**Required work**
Write out the entire listing below exactly, with the pictures left out.

**Information shown**
___

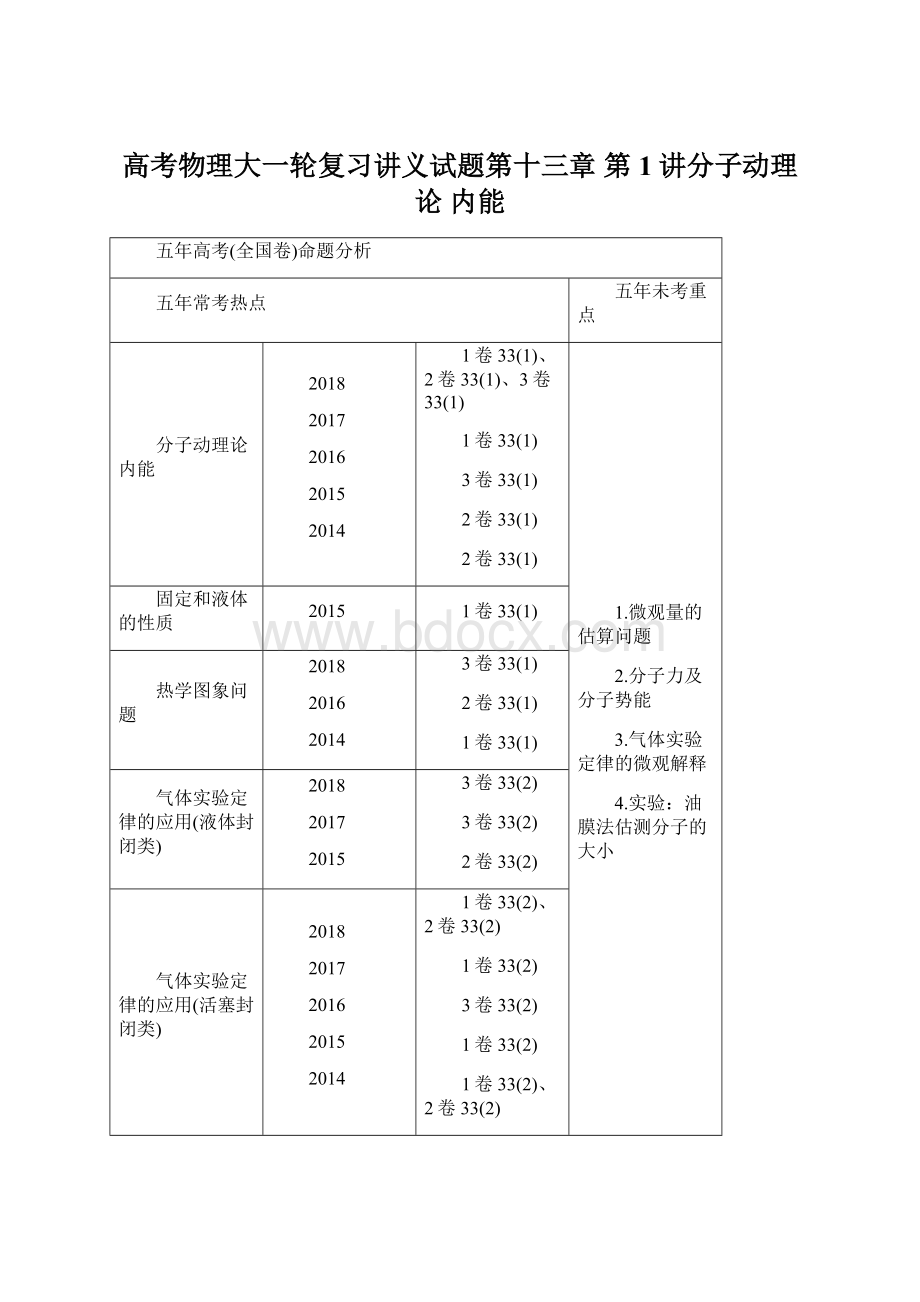 高考物理大一轮复习讲义试题第十三章 第1讲分子动理论 内能Word下载.docx_第1页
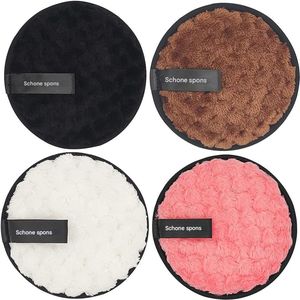 JeiibrZui Herbruikbare Make-Upremoverpads - Wasbare Gezichtspads - Zacht Voor Gevoelige Huid & Effectief Op Crème+Make-Up - 4 Stuks - Voor Alle Huidtypen+Meerlaags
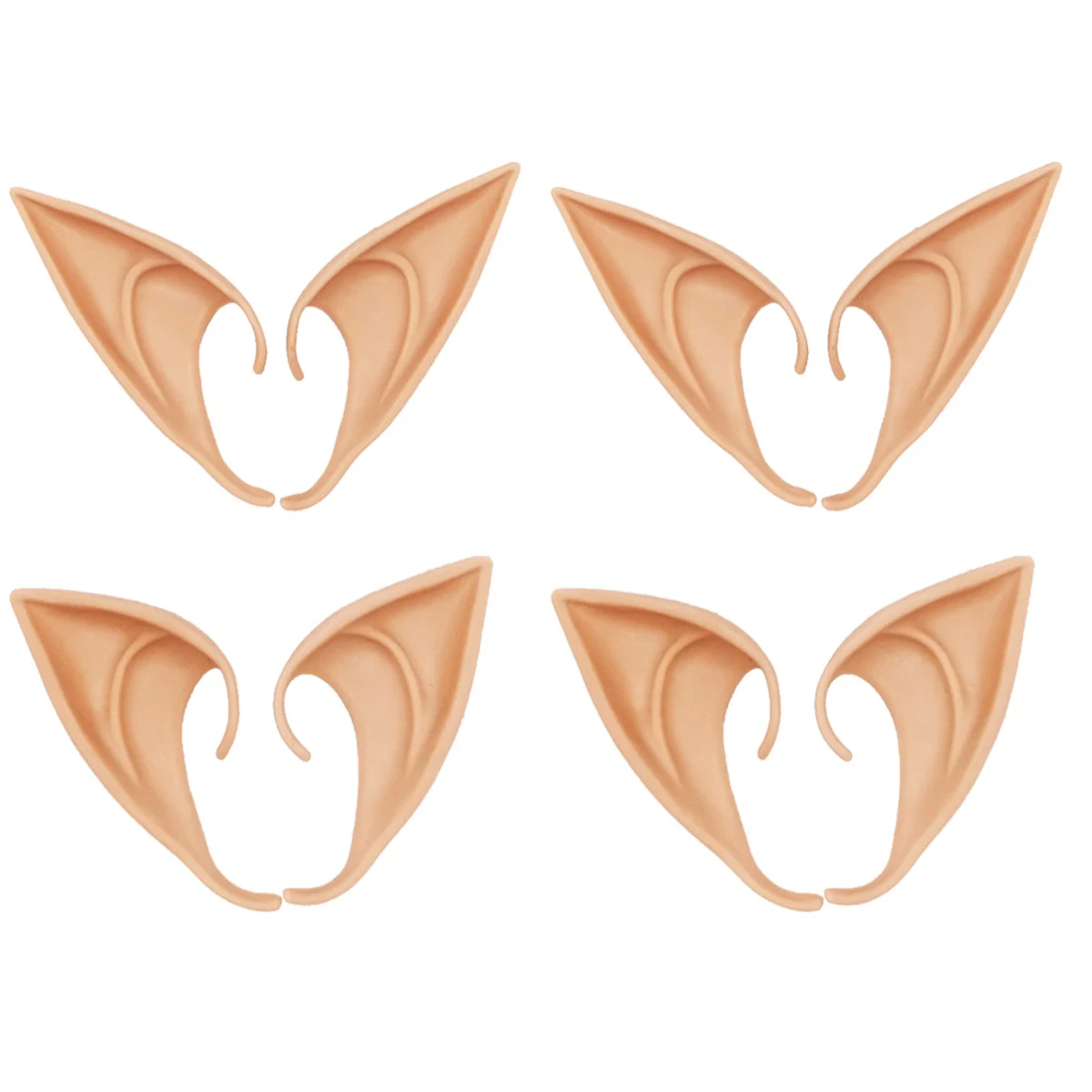 

8 pcs of Elf Ears Cosplay Accessories Halloween Party Latex Pointed Fake Tips Ear (Natural Color)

___

**Exercise result**
 高考物理大一轮复习讲义试题第十三章 第1讲分子动理论 内能Word下载.docx_第1页
 JeiibrZui Herbruikbare Make-Upremoverpads - Wasbare Gezichtspads - Zacht Voor Gevoelige Huid & Effectief Op Crème+Make-Up - 4 Stuks - Voor Alle Huidtypen+Meerlaags

8 pcs of Elf Ears Cosplay Accessories Halloween Party Latex Pointed Fake Tips Ear (Natural Color)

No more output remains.